§ Exercise instructions: The part below that opens with the line containing "Now, let's move" and closes with the line containing "Let's go ahead" should be copied exactly, minus any pictures.

§ Materials provided:
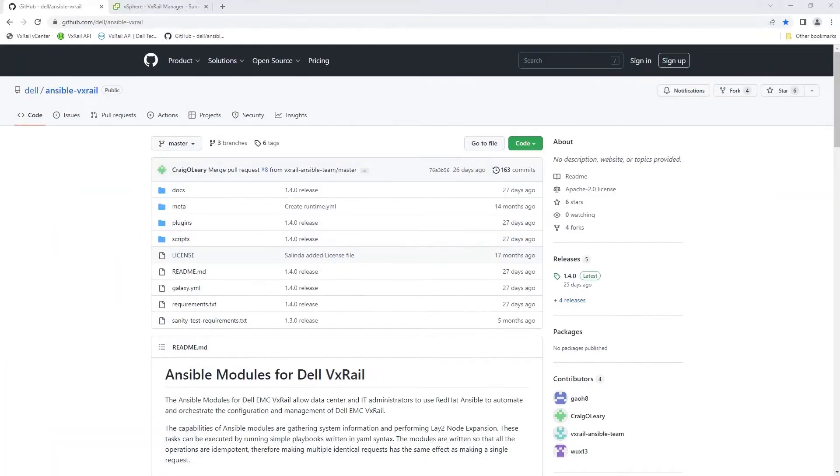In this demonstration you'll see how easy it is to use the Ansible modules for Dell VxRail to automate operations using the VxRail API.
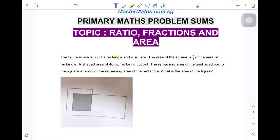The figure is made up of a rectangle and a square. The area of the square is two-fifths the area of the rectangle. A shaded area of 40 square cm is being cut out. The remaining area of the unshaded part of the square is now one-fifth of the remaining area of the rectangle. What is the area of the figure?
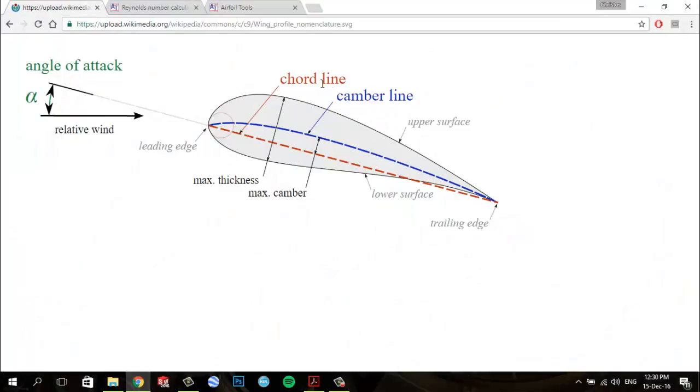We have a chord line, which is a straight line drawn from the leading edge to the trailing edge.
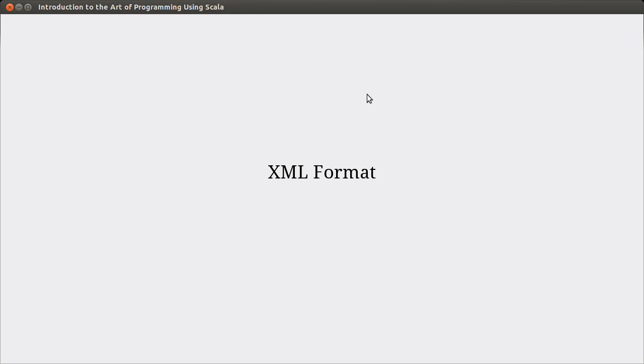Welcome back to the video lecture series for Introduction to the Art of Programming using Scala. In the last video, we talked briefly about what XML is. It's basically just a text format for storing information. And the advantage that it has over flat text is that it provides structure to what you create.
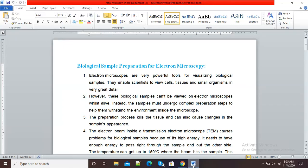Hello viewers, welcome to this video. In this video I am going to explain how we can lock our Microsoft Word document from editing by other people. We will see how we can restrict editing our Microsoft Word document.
--
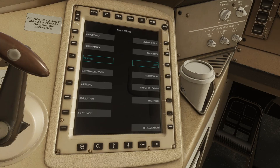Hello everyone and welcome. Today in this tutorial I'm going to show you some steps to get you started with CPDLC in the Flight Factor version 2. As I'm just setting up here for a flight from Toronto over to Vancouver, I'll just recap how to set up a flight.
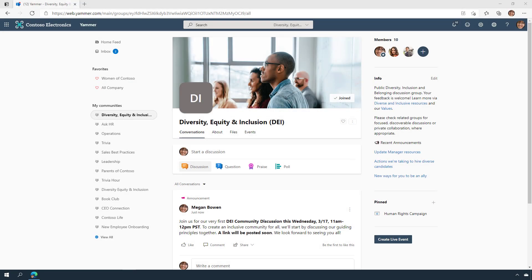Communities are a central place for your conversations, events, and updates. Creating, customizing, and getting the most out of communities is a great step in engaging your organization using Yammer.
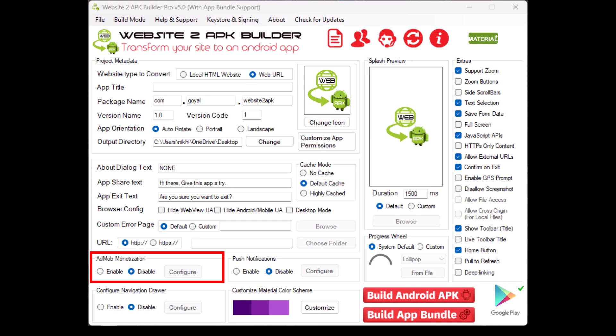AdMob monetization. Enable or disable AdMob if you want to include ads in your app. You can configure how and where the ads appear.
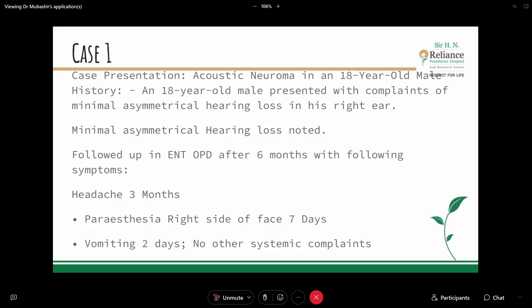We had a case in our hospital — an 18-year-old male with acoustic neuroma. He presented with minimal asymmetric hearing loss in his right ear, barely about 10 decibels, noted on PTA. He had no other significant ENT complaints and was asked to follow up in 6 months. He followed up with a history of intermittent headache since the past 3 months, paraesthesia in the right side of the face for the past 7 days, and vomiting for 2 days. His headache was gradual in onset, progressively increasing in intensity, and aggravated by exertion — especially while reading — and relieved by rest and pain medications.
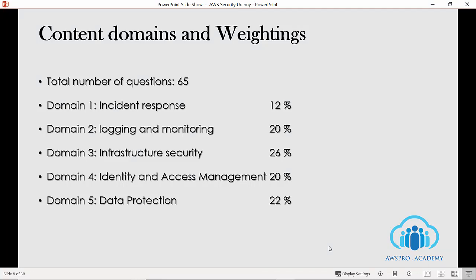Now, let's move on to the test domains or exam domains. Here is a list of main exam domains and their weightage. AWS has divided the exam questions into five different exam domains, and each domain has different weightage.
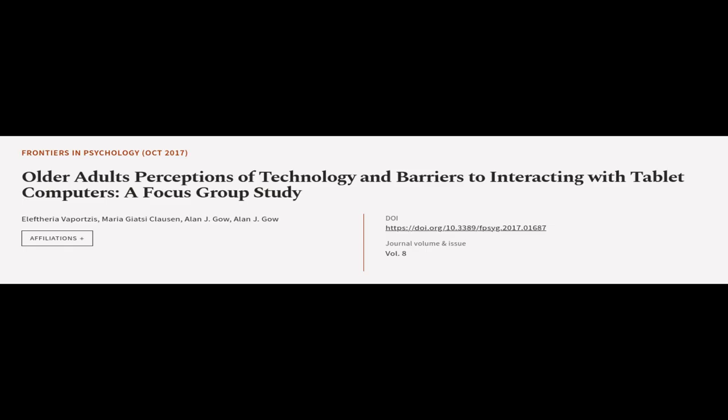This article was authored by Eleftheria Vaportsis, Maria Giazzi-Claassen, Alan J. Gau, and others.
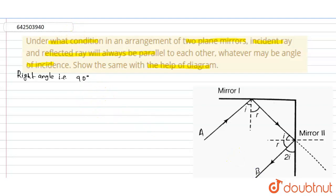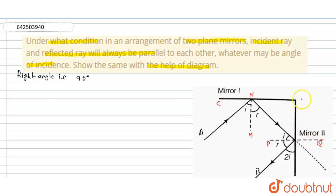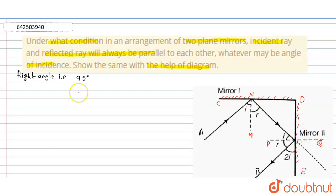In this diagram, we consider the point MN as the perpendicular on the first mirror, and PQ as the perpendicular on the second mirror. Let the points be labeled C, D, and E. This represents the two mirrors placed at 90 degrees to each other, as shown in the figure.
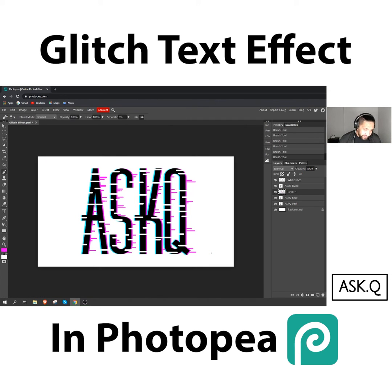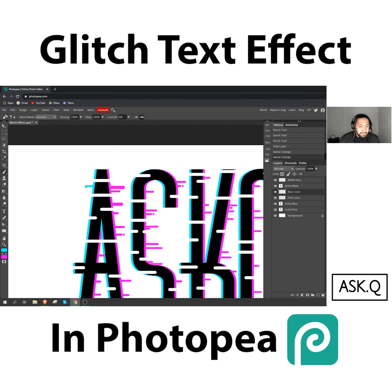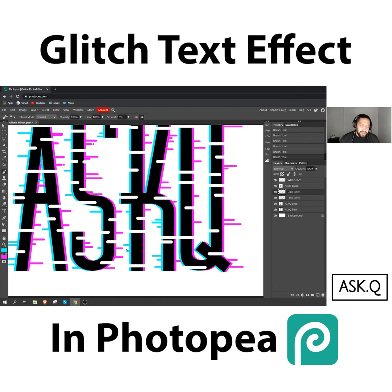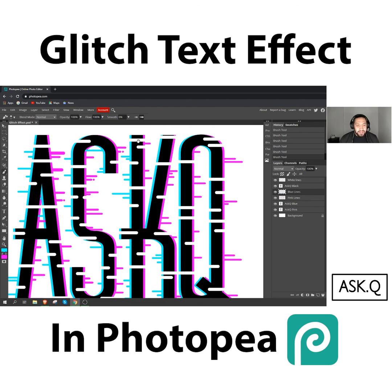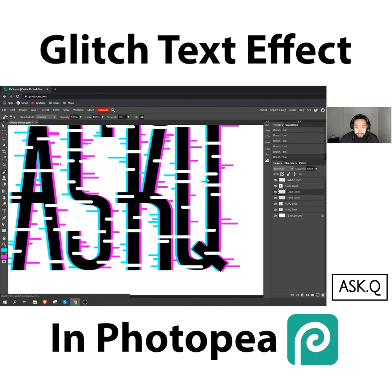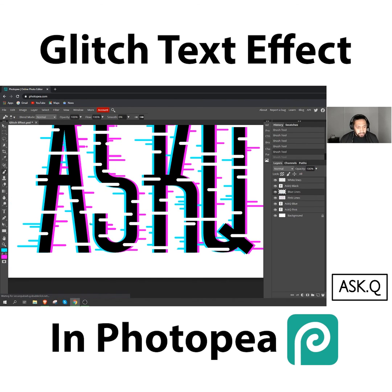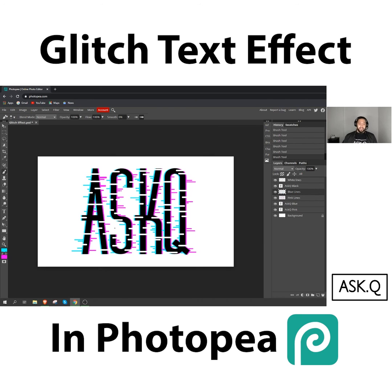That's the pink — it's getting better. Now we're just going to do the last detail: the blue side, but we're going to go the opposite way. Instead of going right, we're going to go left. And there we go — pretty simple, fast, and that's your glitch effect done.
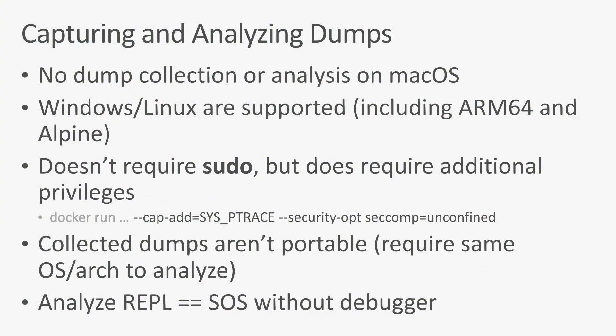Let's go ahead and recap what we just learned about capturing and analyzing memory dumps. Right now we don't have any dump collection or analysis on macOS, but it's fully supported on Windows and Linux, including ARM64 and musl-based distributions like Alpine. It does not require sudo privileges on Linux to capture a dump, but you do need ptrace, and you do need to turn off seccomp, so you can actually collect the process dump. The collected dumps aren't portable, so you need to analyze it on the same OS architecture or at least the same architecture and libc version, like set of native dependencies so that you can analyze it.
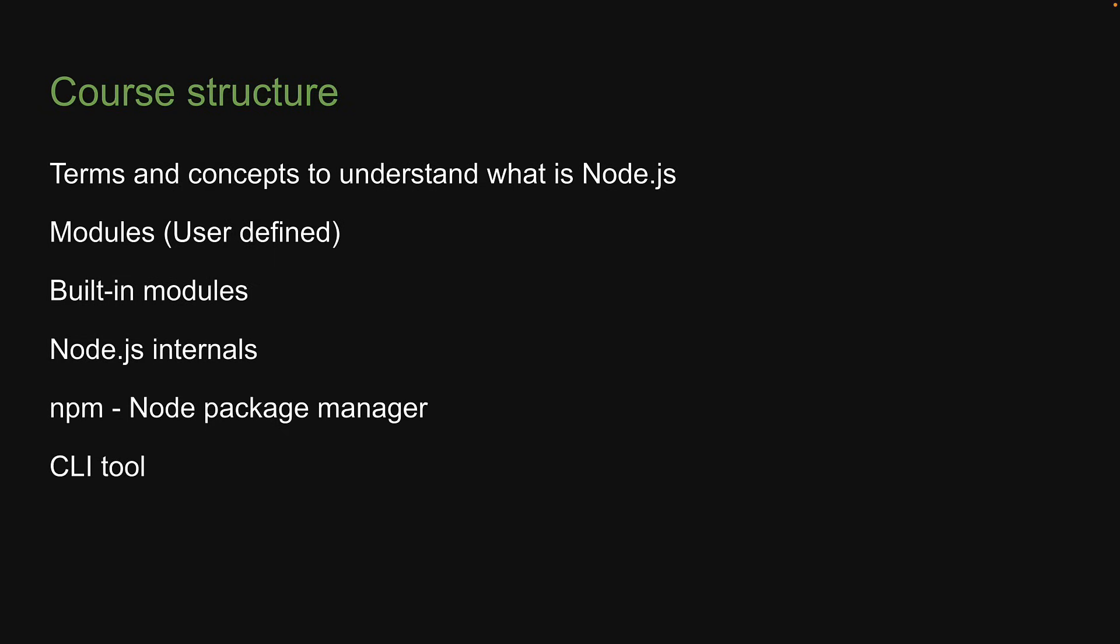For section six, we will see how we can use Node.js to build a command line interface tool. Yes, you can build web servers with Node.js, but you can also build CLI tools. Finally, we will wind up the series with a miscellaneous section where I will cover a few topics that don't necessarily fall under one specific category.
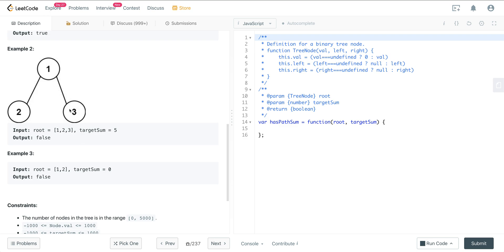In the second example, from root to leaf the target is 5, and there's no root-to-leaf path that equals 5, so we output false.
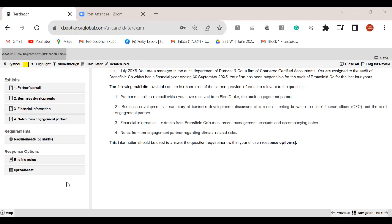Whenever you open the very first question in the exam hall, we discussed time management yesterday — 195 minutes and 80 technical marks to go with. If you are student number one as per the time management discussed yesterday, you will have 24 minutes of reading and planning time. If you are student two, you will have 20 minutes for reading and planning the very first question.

§ Result of this exercise:
Now, let's move on to the test domains or exam domains. Here is a list of main exam domains and their weightage. AWS has divided the exam questions into five different exam domains, and each domain has different weightage.
This article was authored by Eleftheria Vaportsis, Maria Giazzi-Claassen, Alan J. Gau, and others.
In this diagram, we consider the point MN as the perpendicular on the first mirror, and PQ as the perpendicular on the second mirror. Let the points be labeled C, D, and E. This represents the two mirrors placed at 90 degrees to each other, as shown in the figure.
That's the pink — it's getting better. Now we're just going to do the last detail: the blue side, but we're going to go the opposite way. Instead of going right, we're going to go left. And there we go — pretty simple, fast, and that's your glitch effect done.
Let's go ahead and recap what we just learned about capturing and analyzing memory dumps. Right now we don't have any dump collection or analysis on macOS, but it's fully supported on Windows and Linux, including ARM64 and musl-based distributions like Alpine. It does not require sudo privileges on Linux to capture a dump, but you do need ptrace, and you do need to turn off seccomp, so you can actually collect the process dump. The collected dumps aren't portable, so you need to analyze it on the same OS architecture or at least the same architecture and libc version, like set of native dependencies so that you can analyze it.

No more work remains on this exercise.